If $y=f\left(x\right)=\frac{[x+2]}{[x-1]}$, then :

• A. $x=f\left(y\right)$
• B. $f\left(1\right)=3$
• C. $y$ increases with $x$ for $x<1$
• D. $f$ is a rational function of $x$

Answer 1

Answer: (A), (D)

$f$ is a rational function of $x$

Finding the correct condition:

Given that, $y=f\left(x\right)=\frac{[x+2]}{[x-1]}$

$\begin{array}{rcl}y& =& \frac{[x+2]}{[x-1]}\\ y(x-1)& =& x+2\\ yx-y& =& x+2\\ yx-x& =& y+2\\ x(y-1)& =& y+2\\ x& =& \frac{y+2}{y-1}\end{array}$

$\Rightarrow x=f\left(y\right)$

Hence, option A is correct.

We have, $y=f\left(x\right)=\frac{[x+2]}{[x-1]}$, clearly $f$ is a rational function of $x$ as it is in the form $\frac{p}{q};q\ne 0,p\in I$.

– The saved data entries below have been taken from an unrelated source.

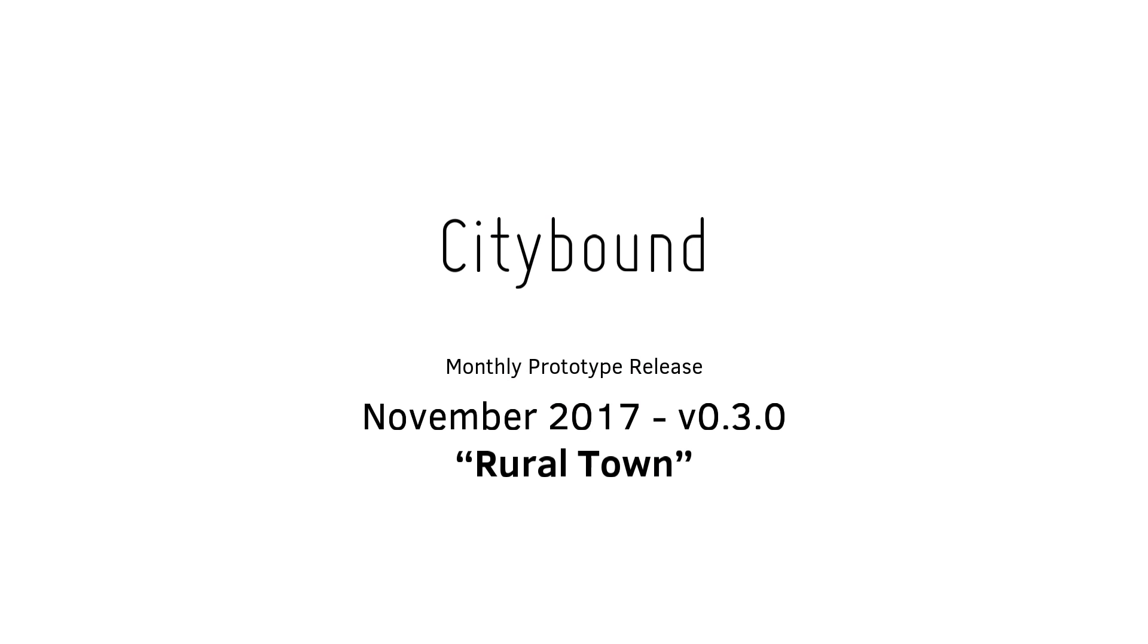I hope you enjoyed the prototype, the link will be in the description. Let me know how it is and I hope to see you all soon. Take care everyone and bye bye.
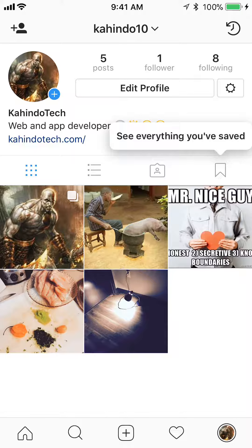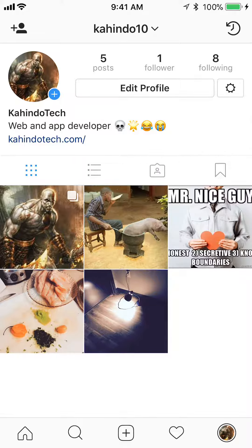That should take you to your profile. Once you're here, do you see where it says 'edit profile'? To the right of that, there's a little gear symbol. Tap on the gear symbol to the right of where it says 'edit profile'.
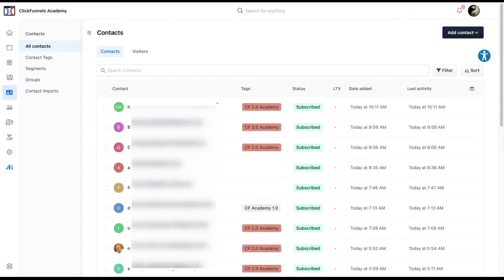After finishing all the lessons in this module, you should be able to know what contacts is and why it is important to collect their information. Know the required elements to store those contacts in your ClickFunnels account. Know about lists, tags, segments, and lastly groups.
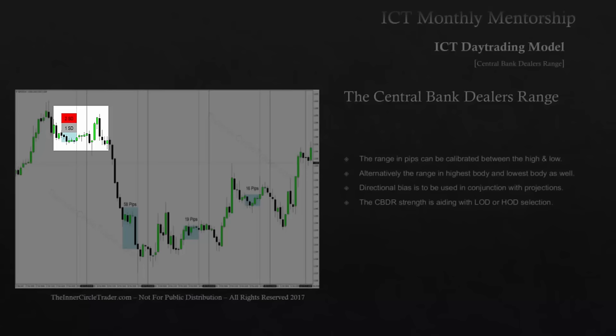The next example shows one standard deviation projected below the central bank dealers range, and price nearly hit that level — it was definitely inside the first standard deviation, creating the low of the day, and then price traded up aggressively. In the following example, we have one standard deviation projected below and a second standard deviation projected below, giving us two standard deviations below the central bank dealers range. It takes us right down to the low of the day — it was only off by one pip — and then we saw the low of the day form in London.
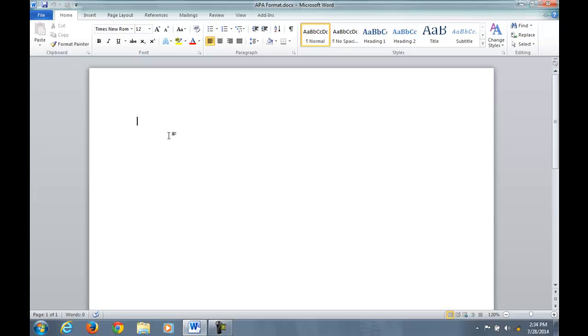The next step for APA Essay is the title page, and you may ask is the title page necessary because in other formats like the MLA it is not necessary. But in the APA you do require a title page, so it's really three pieces of information that are required.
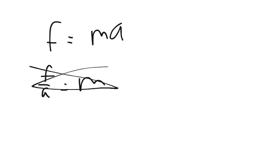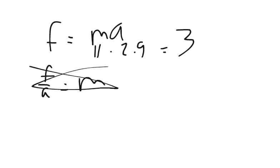So you just plug in your numbers: 11 kilograms and 2.9 meters per second squared. The resultant force is going to have a magnitude of 31.9 newtons.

Hence, option D is correct.

Explanation for the incorrect options:

Option B: $f\left(1\right)=3$

$f\left(1\right)=3$ is not possible as $y=f\left(x\right)=\frac{[x+2]}{[x-1]}$ is not defined at $x=1$.

Hence, option B is incorrect.

Option C: $y$ increases with $x$ for $x<1$
$\begin{array}{rcl}f\left(x\right)& =& \frac{[x+2]}{[x-1]}\\ f^{\text{'}}\left(x\right)& =& \frac{\left\{\right[x-1]-[x+2\left]\right\}}{(x-1{)}^2}\\ & =& \frac{-3}{(x-1{)}^2}<0\end{array}$

Which means $y$ decreases with $x$ for $x<1$.

Therefore, option C is incorrect.

Hence, (A), (D) are the correct option.